Heracles gives Philoctetes the bow. Heracles also appears in the vision and tells Philoctetes to leave the island. Heracles, the hero, brings imagination to suffering. Andre Gide's modern version of this Greek drama illustrates this aspect clearly. Gide's Philoctetes states:
"My images, since I have been alone, so that nothing, not even suffering, disturbs them, have taken a subtle course which sometimes I can hardly follow. I have come to know more of the secrets of life than my masters had ever revealed to me. And I took to telling stories of my sufferings ... I came to understand that words inevitably become more beautiful from the moment they are no longer put together in response to the demands of others."
Here, we see that through suffering imagination comes to prominence. Without imagination, suffering is blind necessity. But imagination has to come to us; it is not something done solely out of our own efforts. And, imagination brings something new to speech. It makes possible moving into the imaginal fabric of words themselves rather than just wing words to convey something to others. Said in another way, truth comes to expression; imagination no longer belongs to the realm of the unconscious.

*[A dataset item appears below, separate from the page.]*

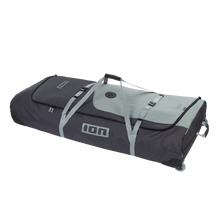 Carica l'immagine nel visualizzatore di Gallery, ION Gearbag Wing Core 2024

Heracles is evidently no ordinary hero. He is the only Greek hero who at the moment of his death becomes a god, becomes a figure of the eternal archetypal realm of the soul. Thus, he appears in a vision – and he encourages Philoctetes to return to the human community. But, we have to see that this moment of intervention occurs primarily because of the presence of Neoptolemus. Odysseus remains in the background. Bur Neoptolemus, while he does not seem to do much, certainly nothing heroic, laments, mourns, and cries out with the suffering of this individual. Philoctetes says, "You stayed with me; you had pity, looked after me, bore with the filthy disease." That is all Neoptolemus does. But this consolation creates a new community, lets suffering have a part in the communal imagination.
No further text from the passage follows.